The electrochemical model is known for its accuracy because it describes the chemical reaction inside the battery during charging/discharging. However, the model requires a full knowledge of the specific battery. Thus, it is difficult to use the electrochemical model in real-time applications due to the computation complexity of the model.
The analytical model, which is also known as the Kinetic battery model or the KiBam model, uses the kinetic process to model the chemical process of large lead-acid batteries. However, the analytical model adopts flat discharge profiles, which suits only such large lead-acid batteries, even though the analytical model captures the recovery effect and rate capacity effect.
The electric circuit model, also called Thevenin's circuit model, is commonly adopted to describe a battery characteristic, such as a transient response of a battery.
Algorithms for battery SOC, SOH, SOF estimation include: Coulomb counting as described in C. Y. Chun, J. Baek, G.-S. Seo, B. H. Cho, J. Kim, I. K. Chang, and S. Lee, “Current sensor-less state-of-charge estimation algorithm for lithium-ion batteries utilizing filtered terminal voltage,” J. Power Sources, vol. 273, no. 0, pp. 255-263, 2015, observer as described in M. a. Roscher, O. S. Bohlen, and D). U. Sauer, “Reliable state estimation of multicell Lithium-ion battery systems,” IEEE Trans. Energy Convers., vol. 26, no. 3, pp. 737-743, 2011, Kalman filter as described in S. Sepasi, R. Ghorbani, and B. Y. Liaw, “A novel on-board state-of charge estimation method for aged Li-ion batteries based on model adaptive extended Kalman filter,” J. Power Sources, vol. 245, pp. 337-344, 2014, Fuzzy logic as described in L. Kang, X. Zhao, and J. Ma, “A new neural network model for the state-of-charge estimation in the battery degradation process,” Appl. Energy, vol. 121, pp. 20-27, 2014. Most of these algorithms are model-based. Model-based approaches often face a serious problem: how to acquire accurate parameters to build a correct model. Accordingly, what is needed is a method to identify on-line battery measurements that may be used to determine accurate parameters of the model.

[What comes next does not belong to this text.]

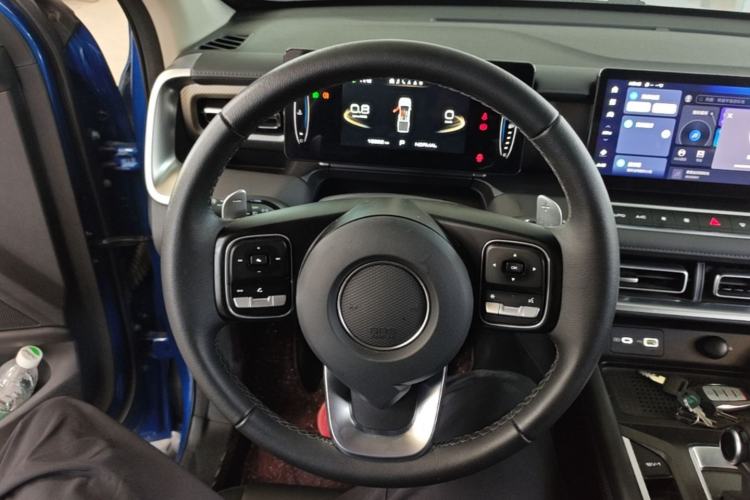 Used Great Wall Poer 2024 2.4T Passenger Version Automatic Diesel 4x4 Comfort Trim Steering Wheel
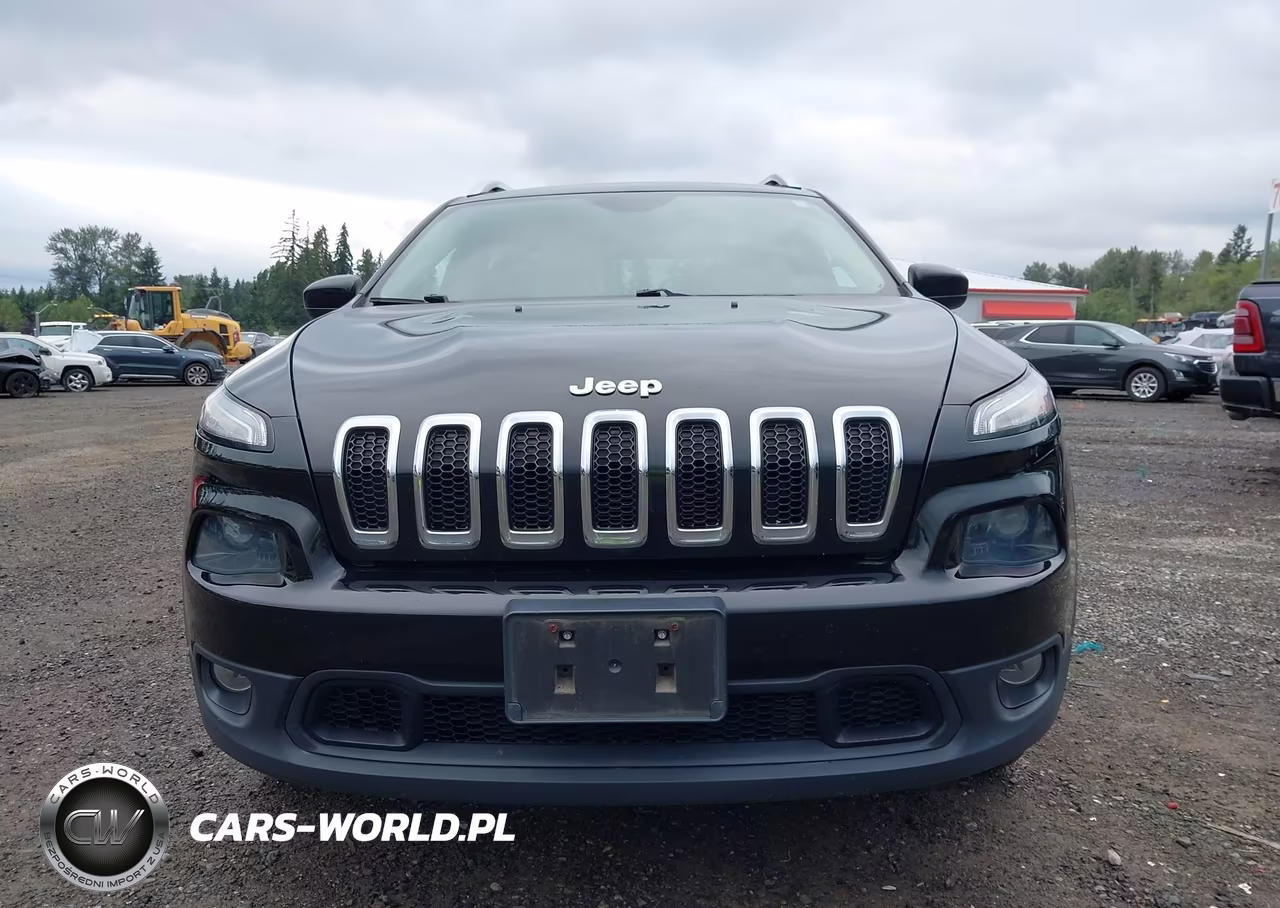 2018 Jeep Cherokee Latitude 4X4 VIN:1C4PJMCB8JD528444 - 12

The foregoing “Background” description is for the purpose of generally presenting the context of the disclosure. Work of the inventors, to the extent it is described in this background section, as well as aspects of the description that may not otherwise qualify as prior art at the time of filing, are neither expressly or impliedly admitted as prior art against the present invention.